Carolyn Kaster/AP

Obama Demands Agencies Cut Spending by 5 Percent in 2017

Certain priorities must be protected from cuts, OMB says.

This story has been updated. 

Federal agencies will seek 5 percent in discretionary spending cuts in their fiscal 2017 budget proposals compared to the planned funding levels spelled out in their fiscal 2016 requests, under an order from the Obama administration.

The cuts should be aimed at ongoing efforts to reduce “fragmentation, overlap and duplication,” Office of Management and Budget Director Shaun Donovan wrote in a memorandum to agency heads May 1. The call for the 5 percent governmentwide cut comes after Obama proposed spending levels 7 percent above sequestration in his fiscal 2016 blueprint. The cuts should focus on areas recommended by the Government Accountability Office, Donovan said.

They should not, however, come at the expense of Obama’s priorities, including cross-agency goals, agency digital service teams and improving shared services. Donovan emphasized the “four key pillars” of the president’s management agenda as areas in which agencies should invest: effectiveness, efficiency, economic growth, and people and culture of the federal workforce.

“The president is committed to creating a government that will make a significant, tangible, and positive difference in the lives of the American people and the economy,” Donovan wrote, “and to driving lasting change in how government works.”

The memo instructed agencies to separately identify investments in “programs that support their missions,” but noted the spending could not exceed the funding level set for fiscal 2017 in the fiscal 2016 budget. Donovan told the agency heads to list those investments in order of priority.

The Obama administration has often asked agencies to find savings at this point in the process, though last year the secondary funding target was actually a 5 percent spending increase. 

"OMB often asks agencies to submit initial requests that will provide the president with the options needed to make decisions about how best to target funding to sustain or augment critical investments and support effective programs," agency spokeswoman Emily Cain said. "This guidance represents the starting point in the budget process."

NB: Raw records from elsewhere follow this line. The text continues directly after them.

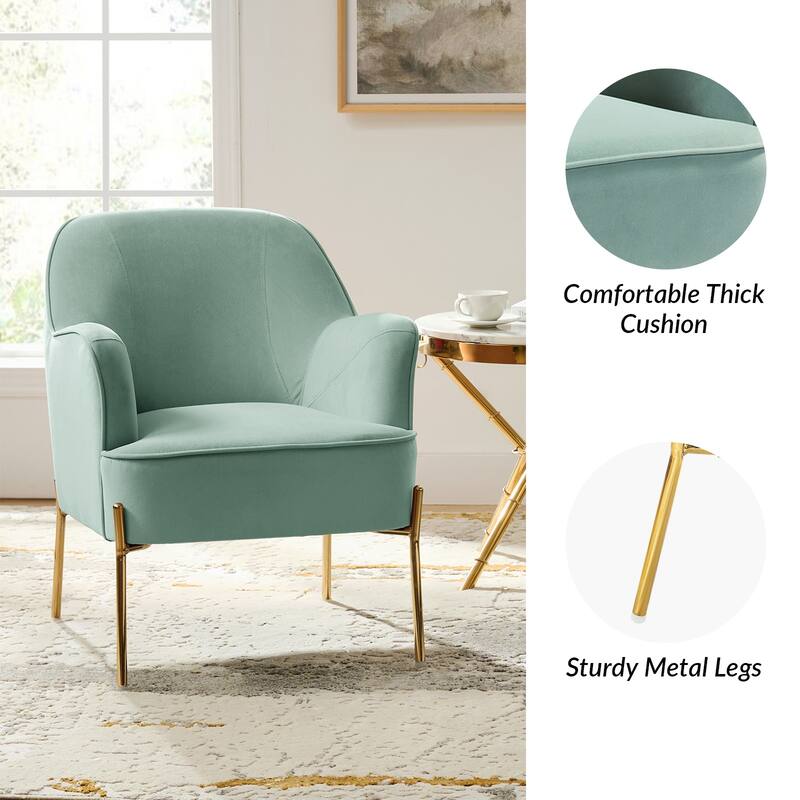 Nora Modern Velvet Accent Chair with Golden Metal Legs Set of 2 by HULALA HOME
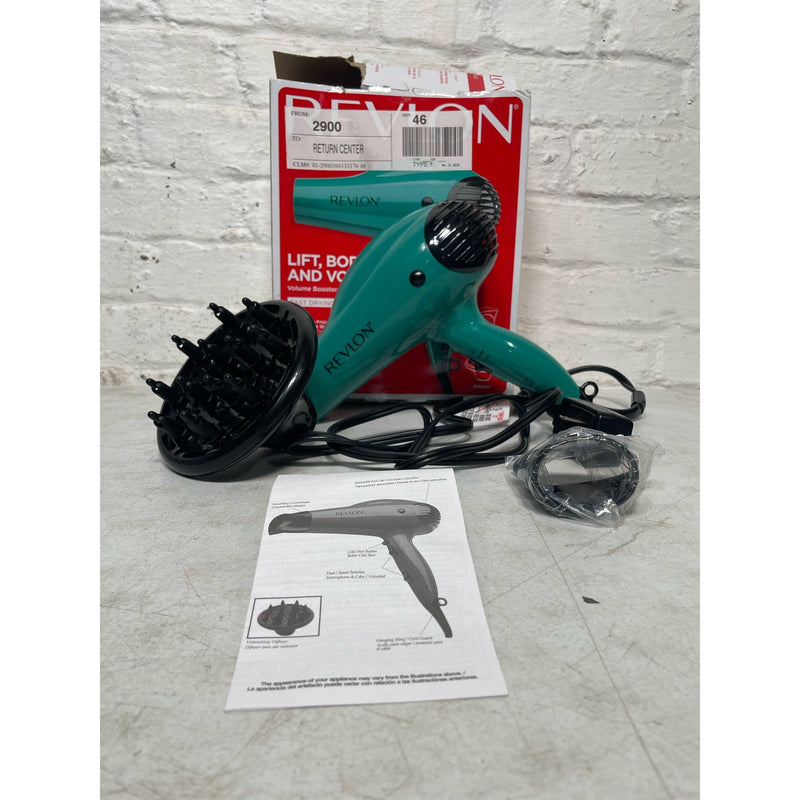 Revlon Volume Booster Hair Dryer | 1875W for Voluminous Lift and Body, (Green)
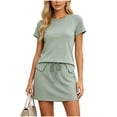 thumbnail image 3 of DYTTDG Women's 2-Piece Casual Outfit | Crew Neck Short Sleeve Top & Drawstring Waist A-Line Skirt Set, Matching Summer Set, 3 of 6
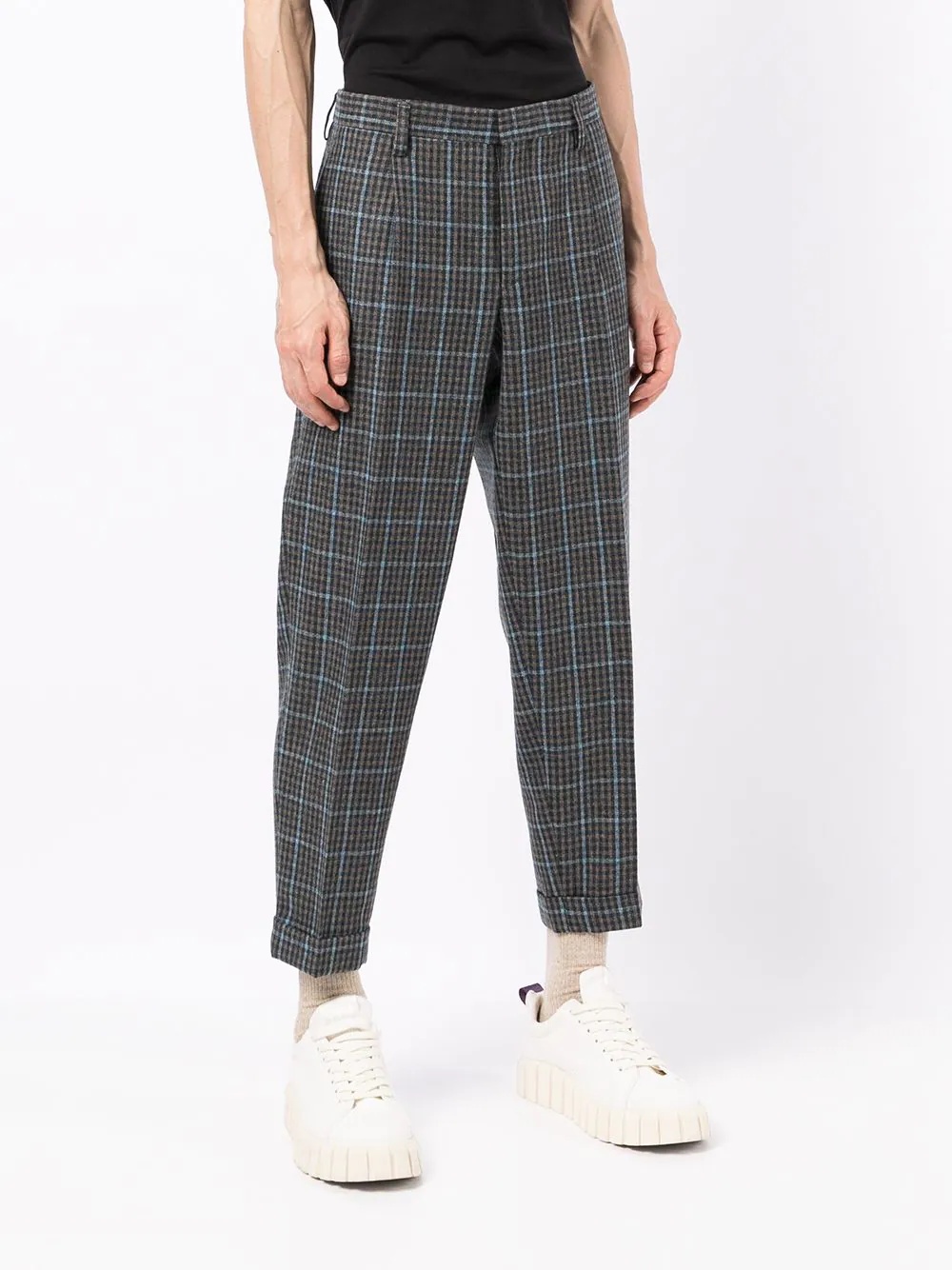 plaid-check print trousers - 3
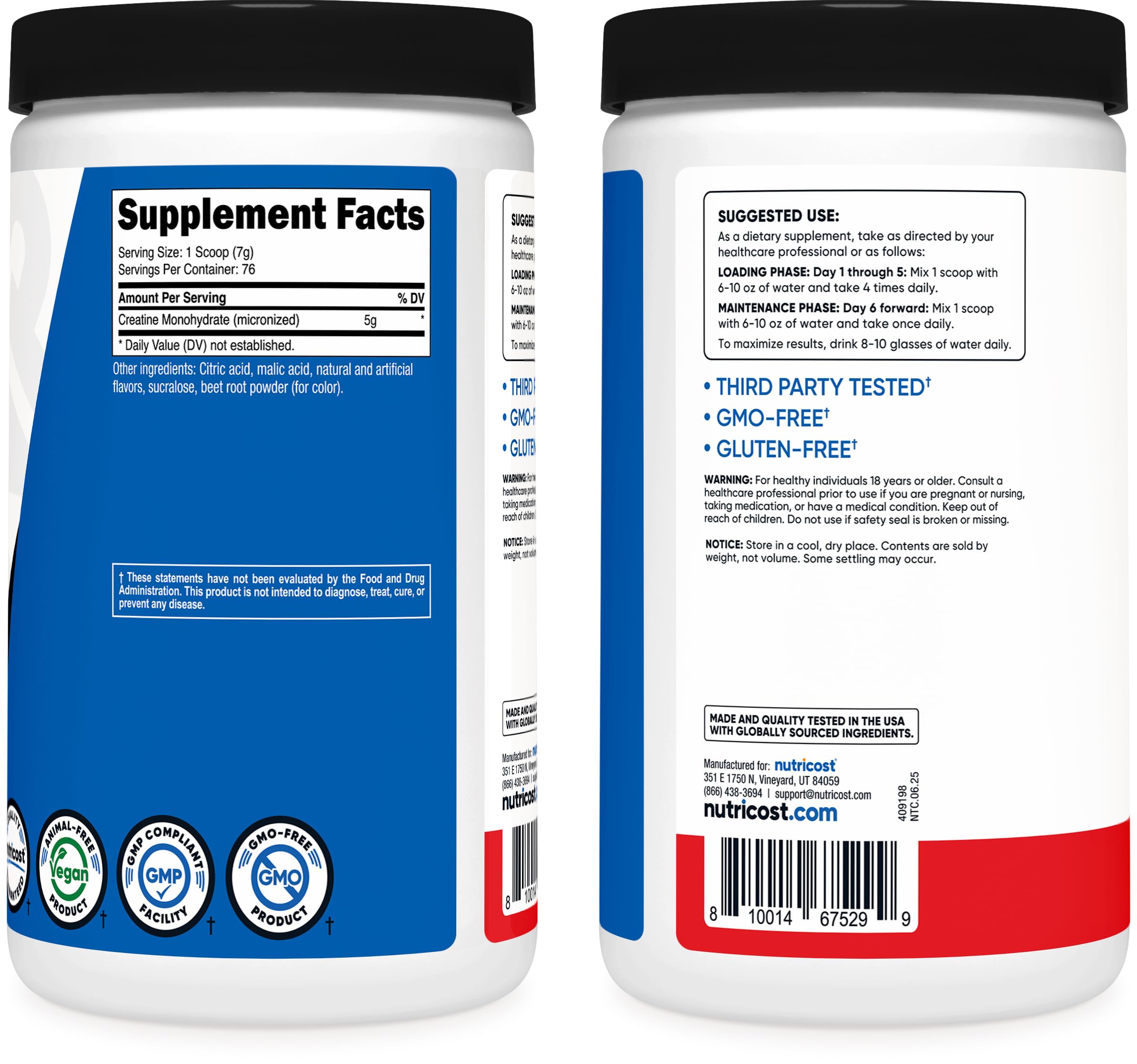 Nutricost Creatine Monohydrate Fruit Punch label close-up for transparency
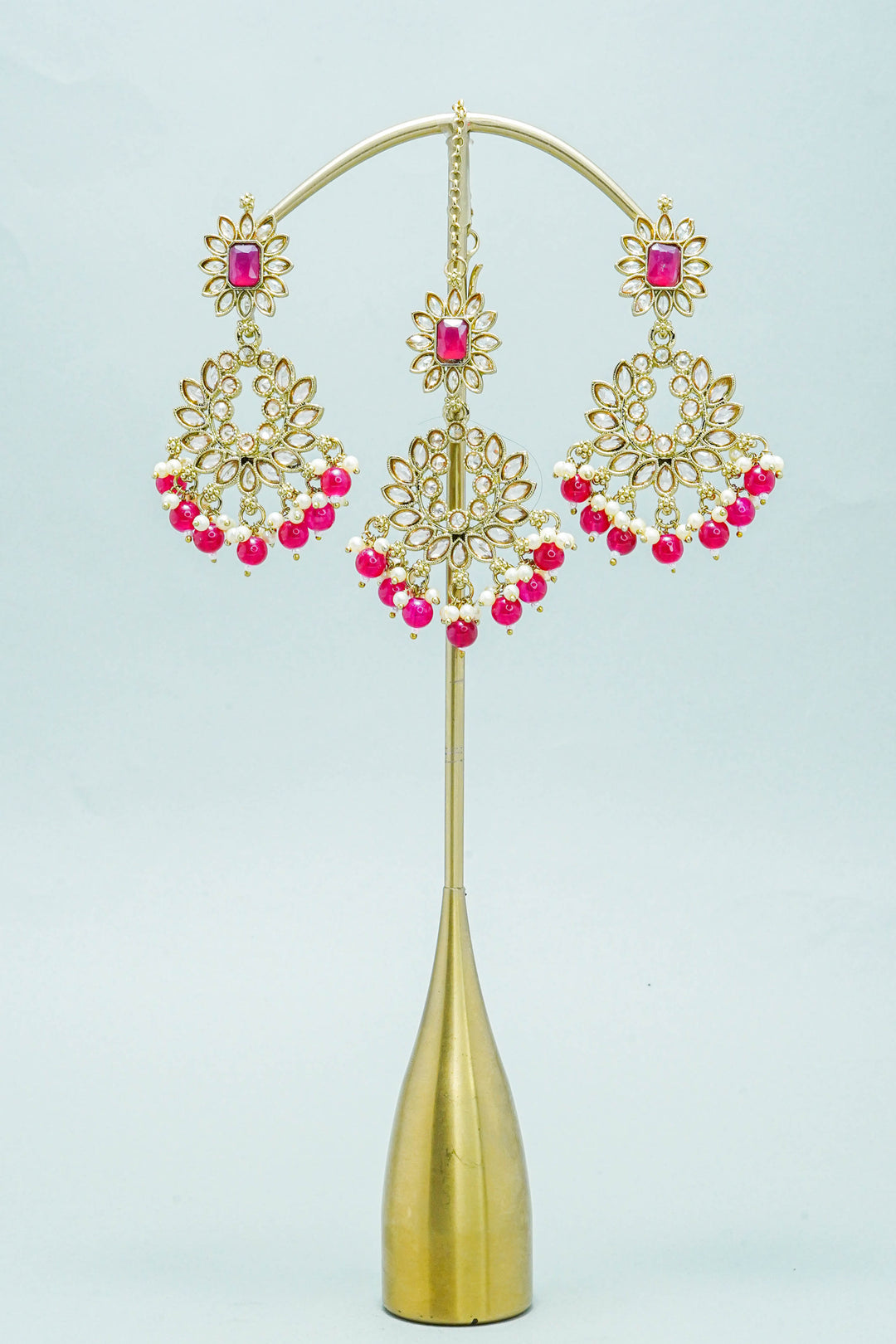 TARA POLKI EARRINGS WITH TIKKA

Agencies must also undertake a “rigorous review” of their mandatory budgets, and offset any mandatory spending increases with corresponding cuts. OMB encouraged chief financial officers to submit up to five projects to consolidate disparate operations into a single location.

On Tuesday, the Senate followed the House in passing its fiscal 2016 budget blueprint. The bicameral compromise legislation -- which did not receive any Democratic support -- would slash nearly $500 billion in non-Defense discretionary funding over 10 years. The document, which does not require Obama’s signature, lays out a funding plan far more drastic than the cuts being suggested by the White House.

In the OMB memo, Donovan reiterated Obama’s threat to veto any measure that funded agencies at or below the levels required by the 2011 Budget Control Act.

“In the absence of congressional action, both Defense and non-Defense discretionary funding in FY 2016 will be at the lowest levels in a decade, adjusted for inflation, even though the need for pro-growth investments in infrastructure, education, and innovation has only increased,” Donovan wrote. “That is why the president has made clear that he will not accept a budget that locks in sequestration going forward, nor one that reverses sequestration for Defense -- including through backdoor gimmicks -- without also reversing sequestration for non-Defense.”

The House has to date has passed two of 12 fiscal 2016 appropriations bills, both of which the White House has threatened to veto

Correction/update: This story was updated to accurately reflect the basis for the 5 percent cut target, and with comment from OMB.